Mergind and Analysing Data

Recitation 4

Rithika Kumar (joint with Alex Toolkin)

September 26, 2019

PS1 is out!

Review your problem sets. As Professor Hopkins noted, most people get 2s (checks). Everyone got feedback on the problem set, so read that as that is the important part.

Goals for Today

  1. DPLYR
  2. Merging
  3. Data Exploration

DPLYR

The wonders of dplyr

DPLYR versus Base R

How do we get all the names of first generation pokemon?

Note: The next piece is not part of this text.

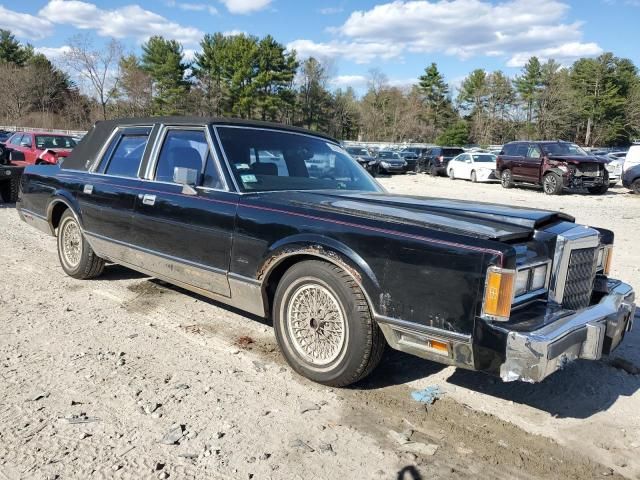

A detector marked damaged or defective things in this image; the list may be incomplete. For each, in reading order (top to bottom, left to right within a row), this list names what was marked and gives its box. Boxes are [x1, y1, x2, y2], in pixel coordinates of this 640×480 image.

damaged vehicle [496, 141, 608, 195]
cracked hood [251, 190, 576, 242]
damaged vehicle [15, 119, 636, 386]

Remember, piping does not modify your objects or create new objects!

Dplyr is sweet

https://rstudio.com/wp-content/uploads/2015/02/data-wrangling-cheatsheet.pdf

Dplyr is sweet

pokedex %>% 
  mutate(
    sp_total = sp_attack + sp_defense
  )

Dplyr is sweet

And you can keep stacking transformations!

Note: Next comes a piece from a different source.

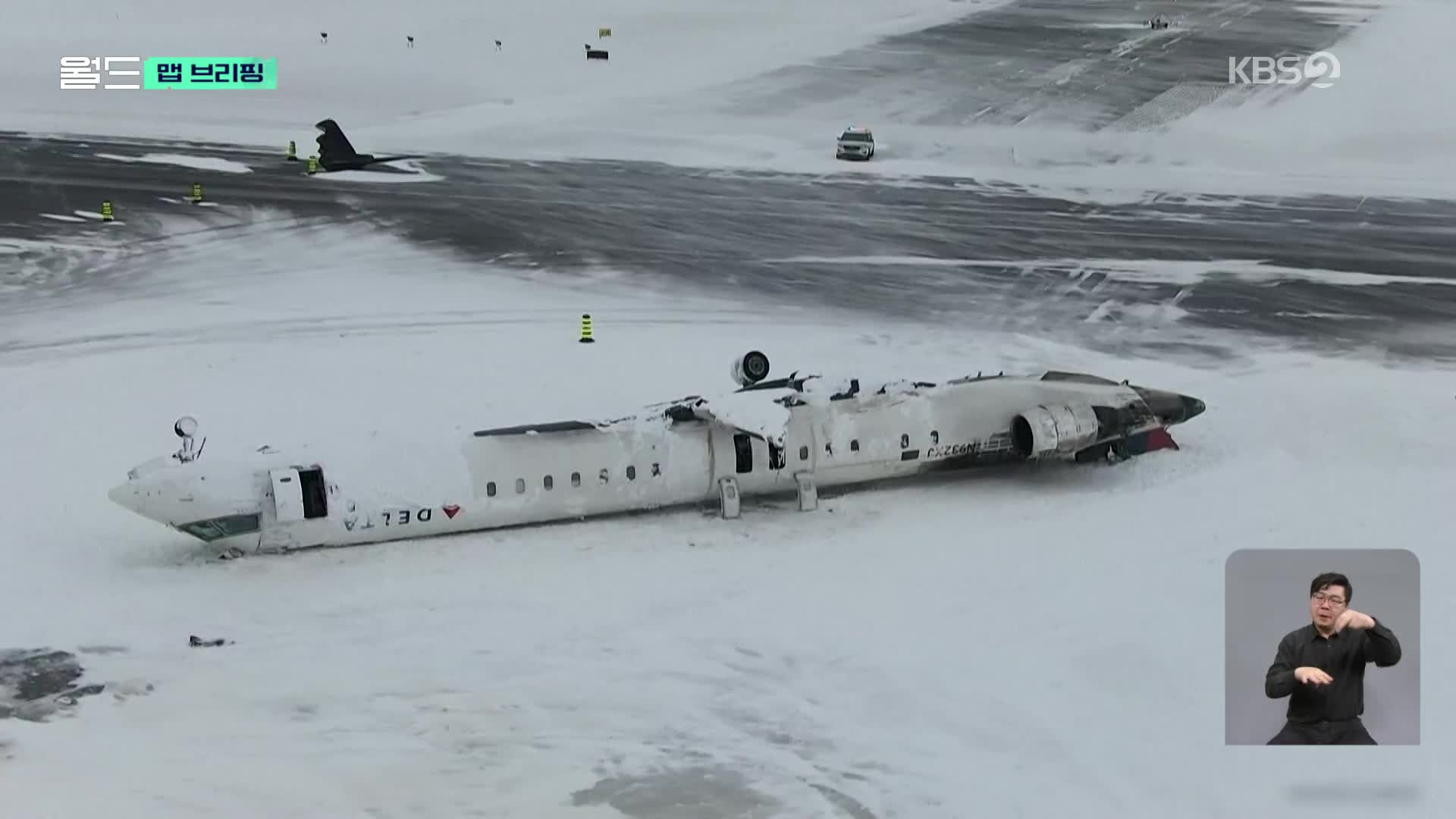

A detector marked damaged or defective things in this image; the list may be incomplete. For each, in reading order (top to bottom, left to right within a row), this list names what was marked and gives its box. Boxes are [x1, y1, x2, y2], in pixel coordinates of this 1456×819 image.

crashed airplane [108, 351, 1205, 554]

Example: What is the average sp_attack + sp_defense of each generation of pokemon?

pokedex %>%
  mutate(sp_total = sp_attack + sp_defense) %>%
  group_by(generation) %>%
  summarise(mean(sp_total))

Merging

Types of Merges

Joins in code

lfp1 <- read.csv("data/lfp1.csv")
lfp2 <- read.csv("data/lfp2.csv")
lfp2$id <- lfp2$id.no

merged_lfp <- lfp1 %>% inner_join(lfp2, by = "id")

Joins in code

# examples of various joins
merged_lfp <- lfp1 %>% full_join(lfp2, by = "id")
merged_lfp <- merge(lfp1,lfp2,by="id")
merged_lfp <- right_join(lfp1,lfp2,by="id")

Data Exploration

Summarizing Data

Using summary statistics on our data

Say we’re interested in 1st gen pokemon attack

firstg_attack <- pokedex %>% 
  filter(generation == 1) %>% 
  pull(attack)

mean(firstg_attack)
median(firstg_attack)
var(firstg_attack)
sd(firstg_attack)
quantile(firstg_attack)

#To get the deciles
quantile(pokedex$speed, prob = seq(0, 1, length = 11)) 

#This can be modified for other cuts as well. 

DANGER - NAs!

Note that summary statistics don’t work if you have NAs!

mean(merged_lfp$k5)

uh oh!

sum(is.na(merged_lfp3$k5))
lfp.merged.nona <- na.omit(merged_lfp3$k5)
mean(lfp.merged.nona)

Exercise

Exercise

Explore the Pokemon data set - some sample questions to try.